Résultat : le chantier traîne en longueur. Et, à l’instar de celle de 2006, l’élection présidentielle de 2011 se déroule sans recensement au préalable. Arrivé à la Primature, Augustin Matata Ponyo présente un nouveau budget et un nouvel agenda, qui fixe à 2014 l’année du recensement. L’échéance sera vite illusoire. Pourtant, le gouvernement de l’homme à la cravate rouge met les moyens : achat d’une centaine de véhicules et signature d’un contrat de 11 millions de dollars avec le consortium Sinfic / Quatenus Congo / Novageo. On prévoit aussi un équipement technologique colossale, avec l’achat de tablettes, de GPS, d’ordinateurs et de serveurs. Las, malgré les millions injectés, le recensement s’embourbe une nouvelle fois.

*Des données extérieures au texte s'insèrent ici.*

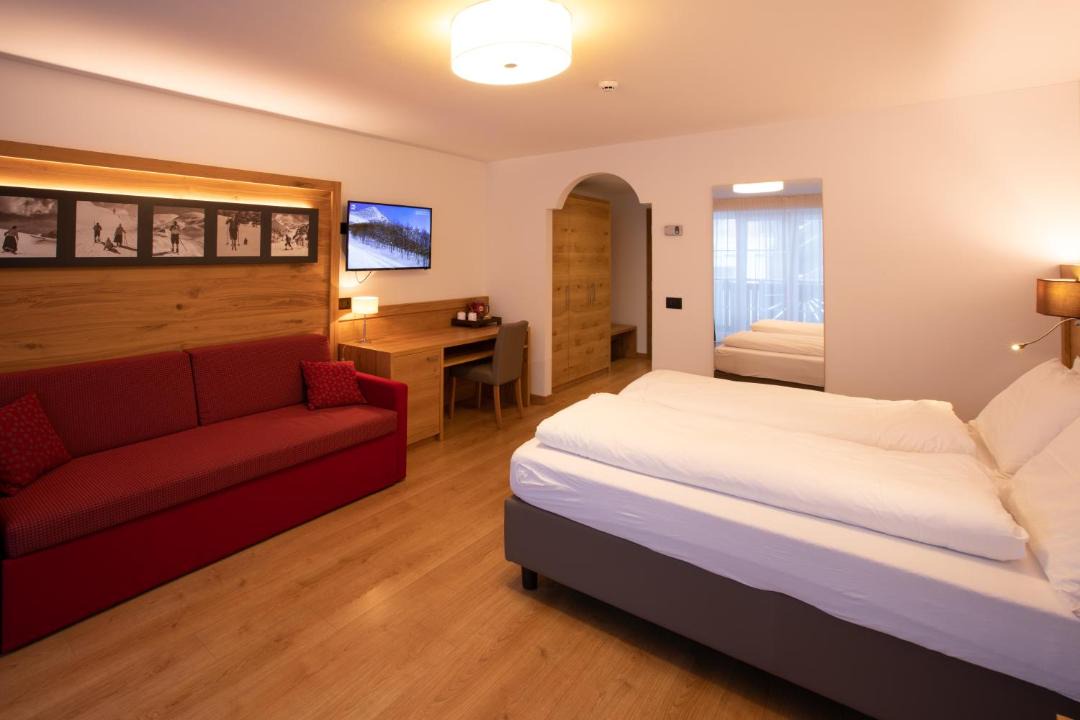 Photo of Bedroom in Andalo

« Un délai amplement réaliste »

Janvier 2015. Le président Joseph Kabila, dont la fin théorique du second mandat approche, s’adresse à ses compatriotes lors de son discours de Nouvel An : « L’année qui s’annonce sera marquée par l’organisation des élections locales, municipales et provinciales ainsi que le démarrage des opérations du recensement de la population ». Dans la droite ligne de l’esprit de l’accord de Sun City, le gouvernement présente une loi, qui conditionne la tenue des élections à un recensement de la population. Pour ce faire, l’exécutif compte sur une institution, l’Office national d’identification, restée en sommeil pendant trois ans. Son patron, l’universitaire Adolphe Lumanu, propose de réaliser un recensement administratif en moins d’un an pour quelque 500 millions de dollars. « Un délai amplement réaliste », affirme-t-il.

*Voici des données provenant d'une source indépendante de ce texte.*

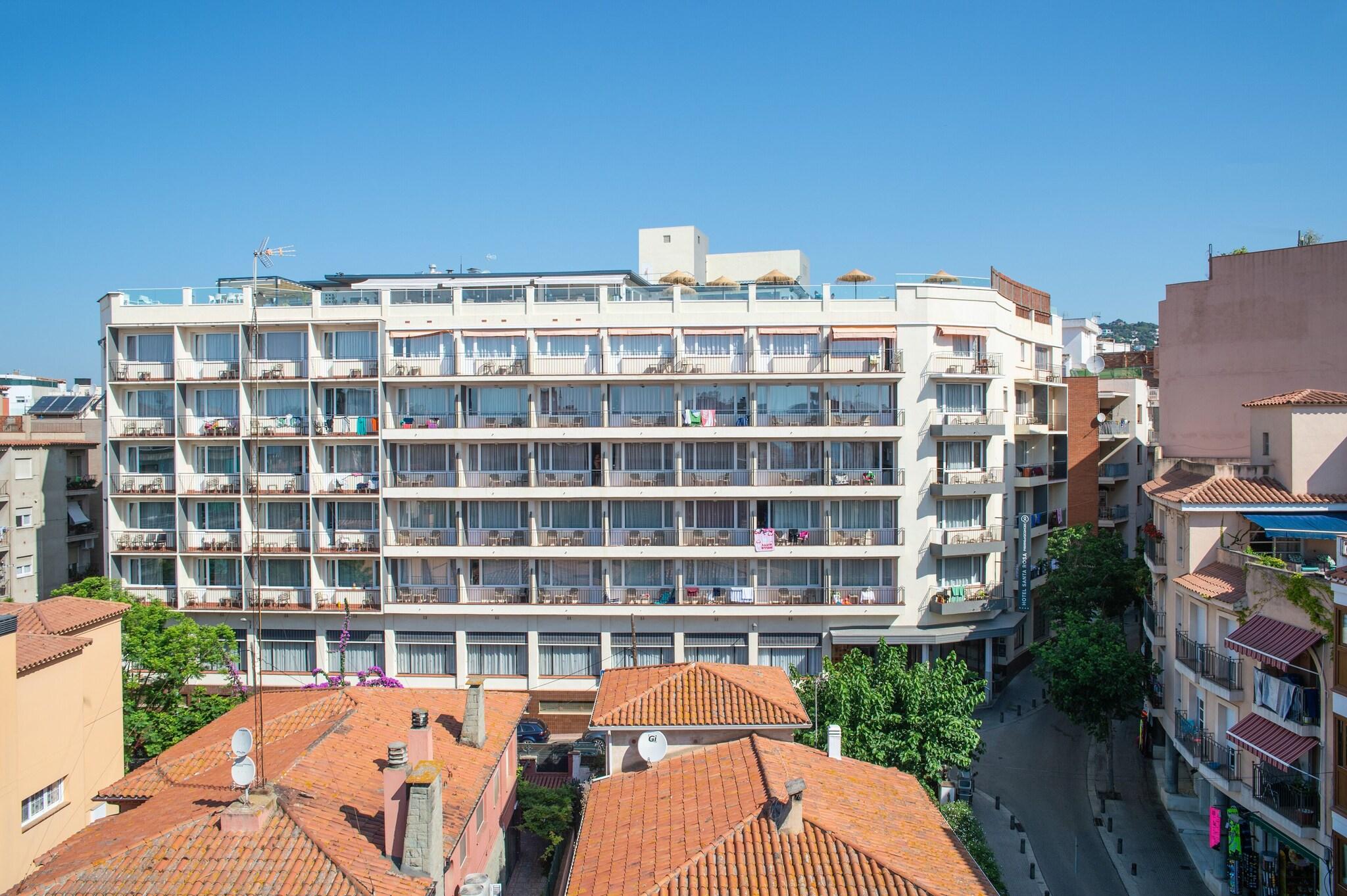Billede av hotellet Hotel Lloret Santa Rosa by Pierre & Vacances - nummer 4 af 10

Résumons : deux institutions sont désormais concurrentes pour l’organisation du recensement. L’une existe depuis une dizaine d’années, la deuxième vient tout juste d’être réactivée en vue de 2016. Il n’en faut pas plus pour attiser la suspicion de l’opposition, qui crie à une manoeuvre dilatoire pour reporter aux calendes grecques la tenue du scrutin présidentiel – le pouvoir retirera finalement le projet de loi sous la pression. Des critiques partagées par le rapport des deux chercheurs : « L’Onip et la loi électorale doivent être comprises dans le cadre d’un ensemble d’actions pour retarder les élections ou rallonger le mandat de Kabila ». « Entre 2014 et 2015, plusieurs mois ont été perdus en raison de la politisation du recensement », déplorent-ils.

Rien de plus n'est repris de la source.